Cruising is a novel written by The New York Times reporter Gerald Walker and published in 1970. The novel is about an undercover policeman looking for a homosexual serial killer in the gay sections of New York City in 1970. The murder victims were closeted or relatively open (as open as they could be at the time) men who came across the killer while cruising for sex. While undercover, the policeman develops feelings for his gay neighbor.

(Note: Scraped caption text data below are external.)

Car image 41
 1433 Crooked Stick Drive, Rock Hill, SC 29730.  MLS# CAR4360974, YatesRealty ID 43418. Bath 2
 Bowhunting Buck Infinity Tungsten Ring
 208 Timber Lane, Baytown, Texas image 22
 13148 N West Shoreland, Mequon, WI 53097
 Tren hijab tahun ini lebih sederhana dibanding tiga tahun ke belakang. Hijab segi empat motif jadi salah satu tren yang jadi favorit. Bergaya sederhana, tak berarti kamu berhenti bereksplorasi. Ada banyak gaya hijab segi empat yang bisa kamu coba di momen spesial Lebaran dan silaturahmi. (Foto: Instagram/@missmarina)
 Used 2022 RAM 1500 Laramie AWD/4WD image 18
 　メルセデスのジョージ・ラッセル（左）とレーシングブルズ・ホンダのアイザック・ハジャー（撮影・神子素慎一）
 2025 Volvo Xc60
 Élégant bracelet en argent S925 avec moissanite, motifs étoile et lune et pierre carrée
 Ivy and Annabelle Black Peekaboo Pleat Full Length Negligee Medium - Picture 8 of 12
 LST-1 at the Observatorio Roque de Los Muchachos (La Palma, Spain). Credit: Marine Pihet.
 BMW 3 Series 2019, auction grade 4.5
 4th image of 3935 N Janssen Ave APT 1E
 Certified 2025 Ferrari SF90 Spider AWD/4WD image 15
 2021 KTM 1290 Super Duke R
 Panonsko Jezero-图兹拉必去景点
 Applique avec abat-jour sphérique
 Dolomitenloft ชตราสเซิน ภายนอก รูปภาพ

The novel is notable for its discussion of gay themes at a time when that was not commonplace. Joseph Hansen was one other writer of the 1970s to incorporate queerness into his crime fiction with his Brandstetter detective series. The first emergence of gay crime fiction was owed to George Baxt, who wrote about the gay detective Pharaoh Love. Hansen, Nava, Zubro and Nathan Aldyne (a pseudonym for Michael McDowell and Dennis Schuetz) were authors of crime fiction who also incorporated gay themes into their writing in the 1970s and 1980s, around the time Gerald Walker had written this novel. Neil Placky presents the view "Their books opened doors into gay culture at a time when homosexuality was considered a psychiatric disorder and a sure way to break a mother's heart". Cruising explores the main character's identity as an undercover officer and the internal struggle he then faces by entering the subculture of the gay community as a key point of the plot. The novel's plot displays the varying attitudes toward the emerging gay community. In a review published in The Guardian, a year after publication, the reviewer says "Cruising was Gerald Walker's first novel. It took five years to write [...] and of course was turned down by six literary agents and no less than 18 publishers".

==Plot==
The novel focuses on three main characters, the killer Stuart Richards, the undercover policeman John Lynch, and the policeman Captain Edelson, who assigns the undercover role to Lynch. Each chapter (20 in total) focuses on one of the character's thoughts. Focus is placed on Lynch's feelings about various minority groups, including gay men and his feelings related to working undercover and how his life is changing as the job progresses. Additional focus is Richards' various heterosexual exploits, his rocky relationship with his father and many more memories of his life, both past and current, and Edelson's thoughts on the case and how he hopes it will garner him a promotion if he solves it.

==Film adaptation==
The novel was adapted as a 1980 film, also titled Cruising. There were substantial changes to the plot of the film, such as moving the killer into the world of sadomasochism and leather gay bars in Greenwich Village, New York. The movie includes the policeman Steve Burns (his name was changed from John Lynch) having an active sexual relationship with his girlfriend Nancy (played by Karen Allen). Neither of these facets is part of the plot of the novel. The film starred Al Pacino and was directed by William Friedkin.